In the Instagram post, Saisha shared, “Irrespective of your origin, there will always be something that reminds you of your childhood. For me, it takes me back to the kind of loneliness that aches, to pressures that pushed me into solitude and the chaos of confusion that grew every moment. All through school and college, while the boys outside tormented me because I was different, the internal pain was far worse. I felt suffocated living a reality that I knew wasn’t mine, yet one that I had to stage everyday because of societal expectations and norms. It was only in my early 20s at NIFT where I found the courage to accept my truth; I truly bloomed. I spent the next few years believing that I was attracted to men because I was gay, but it was only 6 years ago that I finally accepted to myself, and today that I accept to you. I am not a gay man. I am a Transwoman.” She also shared her picture in another Instagram post.

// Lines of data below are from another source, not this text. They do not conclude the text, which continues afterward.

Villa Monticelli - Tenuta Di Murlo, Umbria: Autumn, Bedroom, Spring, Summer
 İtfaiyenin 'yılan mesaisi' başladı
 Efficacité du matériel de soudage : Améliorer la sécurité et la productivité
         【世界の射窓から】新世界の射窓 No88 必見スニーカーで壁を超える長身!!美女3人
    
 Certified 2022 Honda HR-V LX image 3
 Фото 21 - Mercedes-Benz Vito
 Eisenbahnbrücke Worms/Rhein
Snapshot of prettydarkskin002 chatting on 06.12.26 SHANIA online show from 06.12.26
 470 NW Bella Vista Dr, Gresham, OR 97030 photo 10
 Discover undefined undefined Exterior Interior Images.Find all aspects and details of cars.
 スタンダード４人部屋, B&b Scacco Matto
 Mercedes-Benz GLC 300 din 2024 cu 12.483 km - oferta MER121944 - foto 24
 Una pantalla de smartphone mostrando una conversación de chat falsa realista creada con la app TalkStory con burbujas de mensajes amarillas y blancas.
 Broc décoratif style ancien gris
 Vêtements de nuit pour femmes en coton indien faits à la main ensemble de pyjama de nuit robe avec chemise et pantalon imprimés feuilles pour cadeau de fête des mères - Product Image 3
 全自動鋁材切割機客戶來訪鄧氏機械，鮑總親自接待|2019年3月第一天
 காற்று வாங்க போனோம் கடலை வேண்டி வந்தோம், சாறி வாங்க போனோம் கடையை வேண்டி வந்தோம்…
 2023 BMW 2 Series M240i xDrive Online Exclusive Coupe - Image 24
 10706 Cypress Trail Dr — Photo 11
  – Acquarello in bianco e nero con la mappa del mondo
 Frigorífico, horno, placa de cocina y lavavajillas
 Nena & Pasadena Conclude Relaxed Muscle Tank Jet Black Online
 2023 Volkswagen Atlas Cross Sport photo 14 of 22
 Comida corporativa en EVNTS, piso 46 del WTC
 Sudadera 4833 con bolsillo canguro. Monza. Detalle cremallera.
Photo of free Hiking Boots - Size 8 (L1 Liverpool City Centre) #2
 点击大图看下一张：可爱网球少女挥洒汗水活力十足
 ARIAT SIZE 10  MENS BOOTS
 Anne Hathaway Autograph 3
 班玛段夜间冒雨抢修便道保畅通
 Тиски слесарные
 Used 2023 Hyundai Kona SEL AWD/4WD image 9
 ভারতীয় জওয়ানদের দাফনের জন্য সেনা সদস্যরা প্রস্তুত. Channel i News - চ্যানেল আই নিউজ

The designer says that the love and support that she has received from her friends and family have been overwhelming. “I am both shocked and surprised. I thought that there would be a lot of trolling on social media when I come out, but there has not been even a single negative comment so far. I have received so many positive messages from not just LGBTQI+ people, but a number of women are writing to me saying how this news gives them courage and inspiration to live their lives without fear, without anyone telling them how they should be living their lives,” says Saisha, adding that her family, especially her father, has been an important part of her journey. “As I wrote in my social media post, I accepted and embraced my identity six years ago. Since then my family – a conservative Maharashtrian family – has been with me and behind me in every decision that I took. My father supported me immensely and made sure that I went to the best surgeons. He kept telling me that he is with me and that was amazing,” adds Saisha.
More than the process of transition, which Saisha says has been “truly liberating”, the challenge for her was to go public about her new identity. “I consulted a lot of industry friends and most of them suggested that I keep that part of my life hidden, given that talking about sexuality is such a stigma. So I was battling within myself if I should make my identity public. That was the difficult part. It was during the lockdown – a time when, like most people staying alone and facing their fears – this question came to me and I decided that I should come out to inspire many others who might not even have the privileges that I have. Once I decided that, I was no longer anxious,” says Saisha, adding that the process of transition has been a beautiful one for her. “Everything = from wearing the makeup to skirts, tops and dresses – has been liberating for me. I have been receiving a lot of respect and love from people. I know it is extremely early, but I have always believed in living the truth and facing its consequences. Also, I am a firm believer of the fact that if you give love, you only receive love,” she says.
A lot of love poured in from Saisha’s friends on her post. Among those who commented was Parineeti Chopra, who wrote, “So happy to read this. Up and up from here, Saisha.”